In terms of its powertrain, the C-Max Energi slots in slightly closer to the Toyota (TM) Prius Plug-In than GM's (GM) Chevrolet Volt. The total size of the battery capacity in the C-Max Energi is 7.6 kW, compared to 4.4 in the Prius and 16.5 in the Volt.

While the Prius will only take you six miles on electricity, the C-Max will do 21, which is still far behind the Volt's 38 miles. Once those all-electric miles are over, the Prius performs at 50 MPG, the C-Max at 43 and the Volt at 38 MPG.

The C-Max differs compared to the Prius by being able to operate in all-electric mode for its first phase. It does so by limiting performance a little bit, however, topping at 85 MPH.

The Prius sees its gasoline engine cut in at moderate acceleration, or if you drive near or a bit above 60 MPH. As such, the Prius really operates in "blended" gasoline/electric mode for 11 miles (6 of whom are electric), again compared to the C-Max's 21 all-electric miles.

Because of how differently the Ford operates, the "feel" of the acceleration isn't directly comparable with the Prius. If you force the C-Max into all-electric mode, it is obviously smooth, quiet and efficient, whereas the Prius will engage the gasoline engine whether you like it or not, at that point obviously performing like a regular Prius in terms of acceleration. You can operate the C-Max in that kind of mode as well, and at that point it smokes the Prius -- relatively speaking.
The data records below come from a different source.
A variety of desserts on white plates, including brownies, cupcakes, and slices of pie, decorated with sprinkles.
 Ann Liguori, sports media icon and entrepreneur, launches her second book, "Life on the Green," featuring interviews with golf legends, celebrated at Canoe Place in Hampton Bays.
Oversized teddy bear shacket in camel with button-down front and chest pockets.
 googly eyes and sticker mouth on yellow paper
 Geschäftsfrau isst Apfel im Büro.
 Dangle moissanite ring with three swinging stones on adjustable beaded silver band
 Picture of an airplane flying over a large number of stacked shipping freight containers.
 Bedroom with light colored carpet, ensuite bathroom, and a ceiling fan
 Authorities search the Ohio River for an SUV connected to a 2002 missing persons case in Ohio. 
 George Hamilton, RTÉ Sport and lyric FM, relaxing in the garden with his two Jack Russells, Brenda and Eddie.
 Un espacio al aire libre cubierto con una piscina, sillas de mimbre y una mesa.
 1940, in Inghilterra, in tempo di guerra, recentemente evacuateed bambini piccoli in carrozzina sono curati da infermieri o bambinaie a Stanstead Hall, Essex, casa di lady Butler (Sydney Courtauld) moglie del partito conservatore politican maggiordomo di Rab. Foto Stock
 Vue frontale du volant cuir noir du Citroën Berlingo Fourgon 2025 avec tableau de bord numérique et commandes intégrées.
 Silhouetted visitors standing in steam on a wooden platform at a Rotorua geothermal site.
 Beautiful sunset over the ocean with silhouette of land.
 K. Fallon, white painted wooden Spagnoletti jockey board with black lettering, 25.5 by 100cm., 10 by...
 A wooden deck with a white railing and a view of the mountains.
That said, the C-Max is no match for the Volt in terms of the sports department. Not only is the Volt much more powerful with its 111 kW main electric motor, sometimes helped by a secondary 55 kW electric motor. The Volt is also a relative sports car, physically speaking, where you sit low like in a Camaro or Corvette, and have a lower center of gravity. Simply put: The Volt is the sports car of the bunch, with spinning tires at every red light, and exceptional acceleration/response.

The C-Max is very spacious for five people. I would go so far as to say that all five occupants could be professional basketball players -- the American kind, not the North Korean. The doors are big, and the car itself is tall. This accessibility and space is one area where the C-Max gets top honors, and easily trumps the Volt.